■ **Work item**: What is needed is an exact copy of the whole listing below, with no pictures.

■ **Data**:
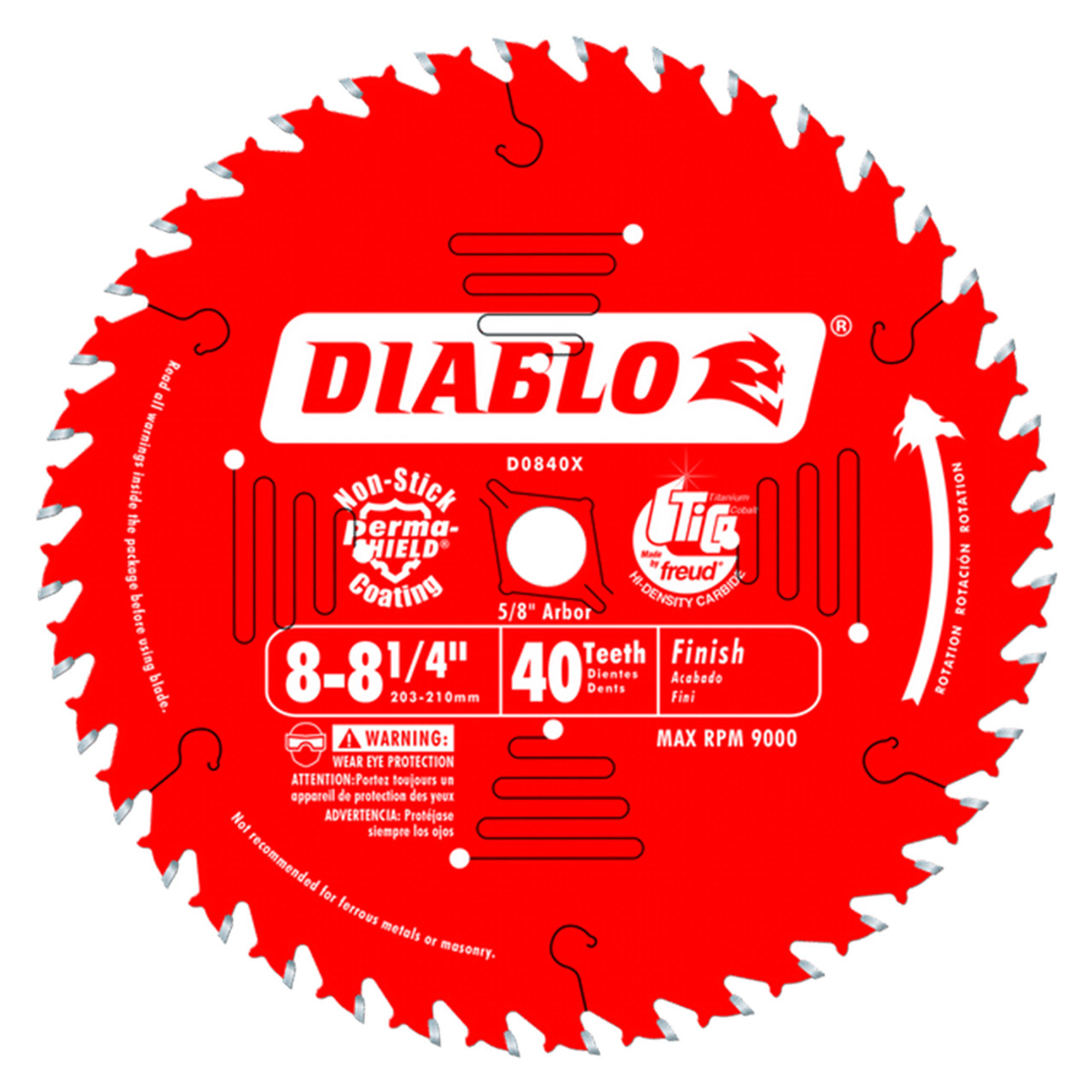 Freud FRE-D0840X Diablo 8-1/4 in. x 40 Tooth Finishing Saw Blade  Atlas-Machinery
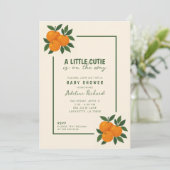 Een beetje schattig op de weg Baby shower Kaart (Staand voorkant)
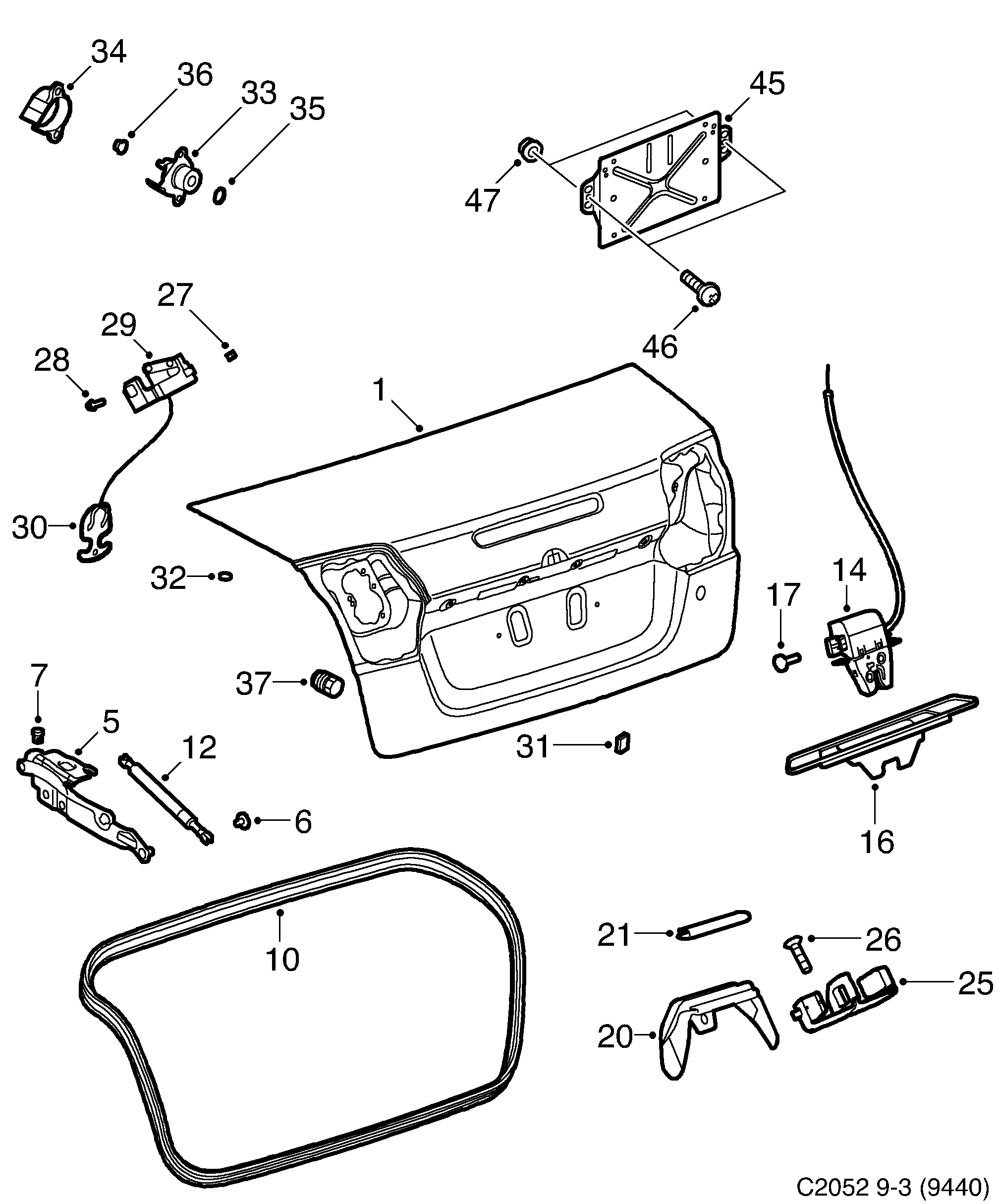 Saab 9-3 (9440) Trunk lid lock diagram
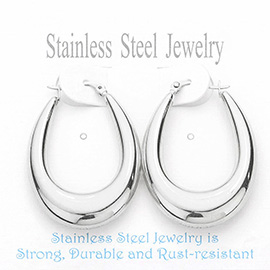 Stainless Steel Oval Hoop Pin Catch Earrings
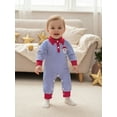 thumbnail image 5 of BemeyourBBs Baby Boy Christmas Romper Striped Santa Collared Long Sleeve Bodysuit, 5 of 9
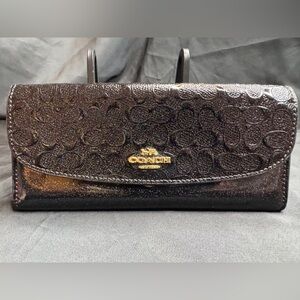 Coach Black Patent Signature Continental Wallet with Gold Logo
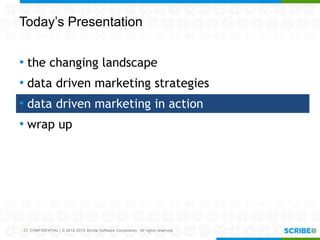 CONFIDENTIAL | © 2012-2013 Scribe Software Corporation. All rights reserved.
Today’s Presentation
• the changing landscape
• data driven marketing strategies
• data driven marketing in action
• wrap up
22
 
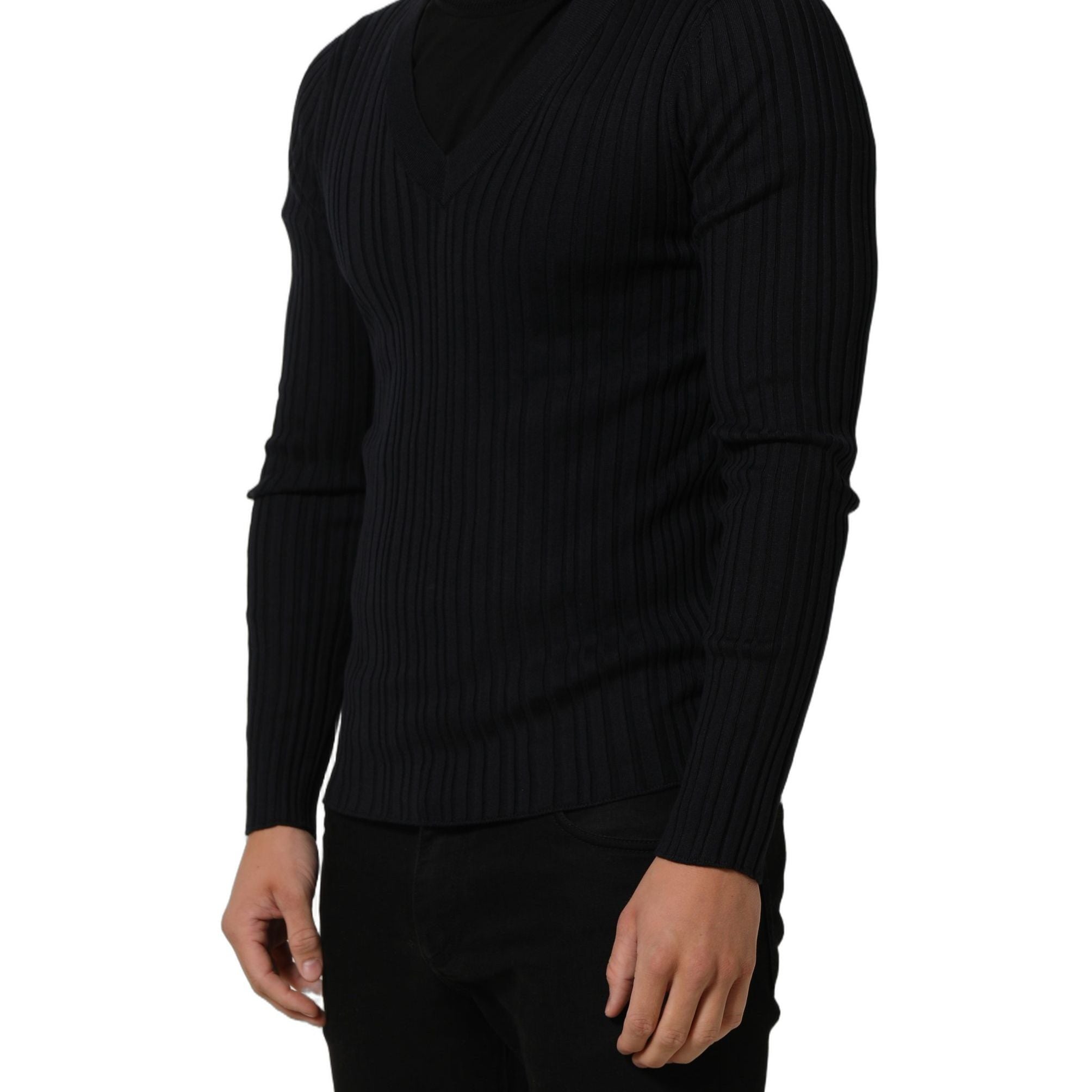 Dolce & Gabbana Black Silk Blend V-neck Pullover Men Sweater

■ **Result of this task**:
 Freud FRE-D0840X Diablo 8-1/4 in. x 40 Tooth Finishing Saw Blade  Atlas-Machinery
 Een beetje schattig op de weg Baby shower Kaart (Staand voorkant)
 Saab 9-3 (9440) Trunk lid lock diagram
 Stainless Steel Oval Hoop Pin Catch Earrings
 thumbnail image 5 of BemeyourBBs Baby Boy Christmas Romper Striped Santa Collared Long Sleeve Bodysuit, 5 of 9
 Coach Black Patent Signature Continental Wallet with Gold Logo
 CONFIDENTIAL | © 2012-2013 Scribe Software Corporation. All rights reserved.
Today’s Presentation
• the changing landscape
• data driven marketing strategies
• data driven marketing in action
• wrap up
22
 
 Dolce & Gabbana Black Silk Blend V-neck Pullover Men Sweater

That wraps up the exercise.